Day one of AdTech kicked off at London’s Olympia yesterday, kickstarting a two-day event showcasing the latest insights and vendor offerings from the world of advertising.

One of the morning’s keynotes that particularly caught our eye was a panel discussion on the data challenges currently facing advertisers. Just after 11, we headed over to the Headline Theatre to bring the lively morning to a close.

To discuss the latest trends and developments, CEO of The Exchange Lab Chris Dobson chaired a panel alongside Ben Foster, Digital Director of MC&C, Kath Ludlow, MD of Four Engage, and Nick Suckley, Digital Partner of Goodstuff. The panel debated the state of the UK industry and agency approaches to data in a post-GDPR world.

Testing the water

It is no secret that the post-GDPR world is inhabited with businesses treading carefully around their data pools. In fact, some are barely dipping their toes. UK media agencies are no exception, with only 20 per cent of brands actually making use of the data they own. The figure is striking in an industry where data is very much the lifeblood.
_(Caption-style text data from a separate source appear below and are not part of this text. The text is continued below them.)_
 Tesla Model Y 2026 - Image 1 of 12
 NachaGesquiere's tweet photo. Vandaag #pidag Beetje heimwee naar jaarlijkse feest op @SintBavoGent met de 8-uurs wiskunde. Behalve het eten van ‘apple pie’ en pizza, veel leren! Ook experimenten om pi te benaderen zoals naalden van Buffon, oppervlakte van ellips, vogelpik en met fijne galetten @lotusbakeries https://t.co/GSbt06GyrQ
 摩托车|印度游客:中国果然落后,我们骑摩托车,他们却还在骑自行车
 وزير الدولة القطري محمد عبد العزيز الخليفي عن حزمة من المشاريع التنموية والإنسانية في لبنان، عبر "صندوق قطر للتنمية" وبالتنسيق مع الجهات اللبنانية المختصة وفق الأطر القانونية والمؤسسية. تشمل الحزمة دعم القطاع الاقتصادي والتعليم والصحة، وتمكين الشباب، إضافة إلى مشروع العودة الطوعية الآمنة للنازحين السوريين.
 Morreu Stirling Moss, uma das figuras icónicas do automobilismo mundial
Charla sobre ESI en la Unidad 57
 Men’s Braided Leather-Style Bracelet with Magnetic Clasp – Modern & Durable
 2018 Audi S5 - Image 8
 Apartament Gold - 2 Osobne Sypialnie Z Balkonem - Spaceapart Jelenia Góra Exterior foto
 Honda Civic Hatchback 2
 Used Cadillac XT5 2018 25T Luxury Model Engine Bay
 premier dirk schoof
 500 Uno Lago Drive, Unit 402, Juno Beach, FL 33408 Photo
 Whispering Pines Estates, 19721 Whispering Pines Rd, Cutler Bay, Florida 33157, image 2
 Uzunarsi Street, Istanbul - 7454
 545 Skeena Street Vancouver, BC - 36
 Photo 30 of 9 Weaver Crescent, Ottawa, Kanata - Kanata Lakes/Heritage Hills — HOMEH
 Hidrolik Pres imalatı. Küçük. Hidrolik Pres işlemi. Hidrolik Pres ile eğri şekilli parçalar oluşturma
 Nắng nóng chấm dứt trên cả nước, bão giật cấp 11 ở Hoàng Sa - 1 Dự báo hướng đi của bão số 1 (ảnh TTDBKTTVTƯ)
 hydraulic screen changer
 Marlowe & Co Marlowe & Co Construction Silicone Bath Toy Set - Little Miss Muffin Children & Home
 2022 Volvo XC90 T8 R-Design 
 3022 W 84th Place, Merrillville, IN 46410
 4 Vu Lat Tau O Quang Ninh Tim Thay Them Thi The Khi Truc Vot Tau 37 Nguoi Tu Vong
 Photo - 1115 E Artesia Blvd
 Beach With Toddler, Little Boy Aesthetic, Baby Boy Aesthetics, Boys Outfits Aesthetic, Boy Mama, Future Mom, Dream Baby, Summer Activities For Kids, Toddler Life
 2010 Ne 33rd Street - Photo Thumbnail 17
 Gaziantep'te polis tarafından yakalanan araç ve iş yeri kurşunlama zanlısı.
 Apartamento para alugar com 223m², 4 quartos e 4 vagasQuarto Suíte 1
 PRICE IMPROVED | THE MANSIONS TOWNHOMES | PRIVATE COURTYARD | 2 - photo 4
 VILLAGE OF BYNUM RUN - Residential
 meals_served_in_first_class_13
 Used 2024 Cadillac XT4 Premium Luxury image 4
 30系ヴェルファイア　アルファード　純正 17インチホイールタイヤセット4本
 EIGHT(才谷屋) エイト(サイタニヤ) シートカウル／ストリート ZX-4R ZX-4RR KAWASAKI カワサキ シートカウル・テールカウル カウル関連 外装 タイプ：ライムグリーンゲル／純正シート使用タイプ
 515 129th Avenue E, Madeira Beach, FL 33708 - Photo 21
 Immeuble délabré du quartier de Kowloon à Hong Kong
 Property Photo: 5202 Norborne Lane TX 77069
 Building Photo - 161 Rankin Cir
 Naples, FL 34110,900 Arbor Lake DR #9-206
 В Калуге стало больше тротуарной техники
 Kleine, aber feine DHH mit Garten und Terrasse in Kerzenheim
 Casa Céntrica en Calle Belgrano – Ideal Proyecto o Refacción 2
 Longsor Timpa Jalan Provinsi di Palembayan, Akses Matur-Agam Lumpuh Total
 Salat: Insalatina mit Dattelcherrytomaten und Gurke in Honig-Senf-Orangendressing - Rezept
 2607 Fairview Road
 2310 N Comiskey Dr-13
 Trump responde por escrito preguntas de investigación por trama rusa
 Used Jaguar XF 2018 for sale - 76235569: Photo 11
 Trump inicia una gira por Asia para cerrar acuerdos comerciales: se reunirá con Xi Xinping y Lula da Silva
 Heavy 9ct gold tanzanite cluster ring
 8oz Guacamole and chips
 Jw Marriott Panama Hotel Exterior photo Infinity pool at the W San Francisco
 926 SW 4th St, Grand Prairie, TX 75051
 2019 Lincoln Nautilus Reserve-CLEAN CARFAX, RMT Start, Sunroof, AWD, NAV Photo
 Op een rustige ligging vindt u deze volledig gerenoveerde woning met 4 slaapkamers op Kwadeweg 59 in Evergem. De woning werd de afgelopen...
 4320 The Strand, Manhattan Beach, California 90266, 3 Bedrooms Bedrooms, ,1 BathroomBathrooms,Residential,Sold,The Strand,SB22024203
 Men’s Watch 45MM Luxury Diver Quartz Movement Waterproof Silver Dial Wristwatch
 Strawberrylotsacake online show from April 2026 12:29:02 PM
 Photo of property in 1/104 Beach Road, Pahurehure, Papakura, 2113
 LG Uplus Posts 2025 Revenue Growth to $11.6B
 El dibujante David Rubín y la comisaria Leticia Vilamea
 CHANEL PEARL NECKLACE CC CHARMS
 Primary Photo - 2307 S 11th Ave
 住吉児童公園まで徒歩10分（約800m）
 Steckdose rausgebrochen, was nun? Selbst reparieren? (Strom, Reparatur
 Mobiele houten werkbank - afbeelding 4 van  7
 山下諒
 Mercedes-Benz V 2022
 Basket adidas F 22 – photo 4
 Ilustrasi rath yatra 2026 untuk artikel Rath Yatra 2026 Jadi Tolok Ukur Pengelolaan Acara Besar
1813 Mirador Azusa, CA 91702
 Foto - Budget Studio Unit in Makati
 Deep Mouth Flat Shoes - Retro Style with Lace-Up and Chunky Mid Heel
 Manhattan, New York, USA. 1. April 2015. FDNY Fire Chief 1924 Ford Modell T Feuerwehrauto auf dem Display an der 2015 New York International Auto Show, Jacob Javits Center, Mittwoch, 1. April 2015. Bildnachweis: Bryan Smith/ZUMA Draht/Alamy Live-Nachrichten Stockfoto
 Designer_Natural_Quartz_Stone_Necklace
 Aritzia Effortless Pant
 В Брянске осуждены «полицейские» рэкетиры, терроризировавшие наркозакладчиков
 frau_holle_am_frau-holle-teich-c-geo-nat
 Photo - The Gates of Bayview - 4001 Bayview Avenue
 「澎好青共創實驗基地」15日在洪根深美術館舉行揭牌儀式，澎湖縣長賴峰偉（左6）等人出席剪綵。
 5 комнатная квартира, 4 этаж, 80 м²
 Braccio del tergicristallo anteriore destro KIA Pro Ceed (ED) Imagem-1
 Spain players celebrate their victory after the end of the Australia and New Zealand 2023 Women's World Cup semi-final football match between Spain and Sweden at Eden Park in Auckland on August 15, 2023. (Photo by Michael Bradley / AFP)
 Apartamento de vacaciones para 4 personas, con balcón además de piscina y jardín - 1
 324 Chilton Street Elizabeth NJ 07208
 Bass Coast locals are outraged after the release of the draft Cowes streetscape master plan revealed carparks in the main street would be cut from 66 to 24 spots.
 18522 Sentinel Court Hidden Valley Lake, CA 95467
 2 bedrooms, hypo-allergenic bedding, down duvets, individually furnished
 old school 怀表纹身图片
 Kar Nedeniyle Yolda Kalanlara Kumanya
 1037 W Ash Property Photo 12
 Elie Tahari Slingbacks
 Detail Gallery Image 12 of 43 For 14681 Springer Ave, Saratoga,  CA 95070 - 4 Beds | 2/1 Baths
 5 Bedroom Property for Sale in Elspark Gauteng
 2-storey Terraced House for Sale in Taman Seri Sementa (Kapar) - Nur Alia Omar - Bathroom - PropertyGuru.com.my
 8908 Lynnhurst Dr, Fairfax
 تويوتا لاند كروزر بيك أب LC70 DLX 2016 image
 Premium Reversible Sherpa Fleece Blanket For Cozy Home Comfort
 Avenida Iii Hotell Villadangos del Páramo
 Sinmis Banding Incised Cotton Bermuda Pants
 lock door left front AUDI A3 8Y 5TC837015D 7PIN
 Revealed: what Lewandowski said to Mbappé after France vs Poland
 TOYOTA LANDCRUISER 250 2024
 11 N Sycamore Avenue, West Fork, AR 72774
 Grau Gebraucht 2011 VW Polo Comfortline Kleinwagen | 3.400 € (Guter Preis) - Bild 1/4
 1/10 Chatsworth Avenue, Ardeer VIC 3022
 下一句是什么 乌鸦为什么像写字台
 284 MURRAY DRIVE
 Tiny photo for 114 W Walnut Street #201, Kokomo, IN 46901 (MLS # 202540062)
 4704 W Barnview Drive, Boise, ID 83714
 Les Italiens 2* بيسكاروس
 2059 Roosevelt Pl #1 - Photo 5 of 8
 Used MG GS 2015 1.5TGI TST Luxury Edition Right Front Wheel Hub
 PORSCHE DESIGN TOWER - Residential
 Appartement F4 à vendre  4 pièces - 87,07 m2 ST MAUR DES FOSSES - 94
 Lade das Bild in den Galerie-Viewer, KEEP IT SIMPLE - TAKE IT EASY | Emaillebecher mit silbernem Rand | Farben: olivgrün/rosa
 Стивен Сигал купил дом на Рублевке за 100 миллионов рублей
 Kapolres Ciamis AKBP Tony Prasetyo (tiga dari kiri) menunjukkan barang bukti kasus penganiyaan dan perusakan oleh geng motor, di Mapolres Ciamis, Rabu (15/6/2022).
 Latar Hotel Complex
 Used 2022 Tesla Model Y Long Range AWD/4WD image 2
As GDPR fines can amount to up to four per cent of a business’s turnover, you can understand why many agencies are unwilling to take a gamble on data, and why their clients are seeking to gain direct control over the data used to fuel campaigns.

Chris Dobson points out that complicating matters is a change in attitude of younger demographics towards data discretion. He invited the panel to share their views on how these changes are affecting the industry.

“GDPR had a clear and direct impact, making clients stop and rethink data as a whole,” says Suckley.

“What we are actually seeing is clients wanting to ensure that they own their data, when historically agencies have owned the data and reported it back to their clients.”

Creative combinations of first and third-party data allow agencies to glean a more rounded view of consumers

“A vast majority are still trying to get to grips with [GDPR], asking ‘What does it mean?’ and ‘Are we going to get fined’,” he adds.

With IoT gaining ground, the volume of data available to agencies is only going to increase in the coming years, and with it whole new opportunities in driving value for clients. It is essential that agencies restore client trust and maintain the progress made so far with innovative and creative use of data sets.

One of the biggest fears raised by GDPR was that third-party data would become too hot to handle. This is because the regulations require companies to inform consumers about the data they are collecting, how they intend to use it, and with whom they intend to share it.

According to Suckley, however, the regulations have not proved as much of a hit to third-party data use as first feared. He also emphasised the necessity of utilising it, albeit in careful compliance with GDPR. Creative combinations of first and third-party data allow agencies to glean a more rounded view of consumers.

“The concern I have with the market is that if everybody uses data in the same way you are going to get the same outcomes,” he says.

In contrast, Ben Foster reveals MC&C have ‘turbo-charged’ first-party data and eliminated reliance on large third-party data sets, only using the latter to complement the former. Kath Ludlow says Four Engage are engaging with data in similar ways.

“What clients are really enjoying, I think, is that we have managed to simplify that data gathering and sourcing, and offer transparency from the start,” she says.

On the exhibition floor, other agencies are keen to point out the positive long-term impact GDPR will have on the industry, and how, in essence, it only amounts to a tightening of regulations set out in the existing Data Protection Act.

David Wain-Heapy, Director of Best Response Media says: “For us it’s a good thing. And it will really just shake out the badly run agencies that are doing things they shouldn’t be doing anyway.”

Despite anxieties within the industry regarding data and GDPR, the outlook for independent media agencies is positive. Chris Dobson finished by applauding the industry’s ‘rude health’, and anticipates a ‘golden age’ for media agencies as media itself grows ever more complex.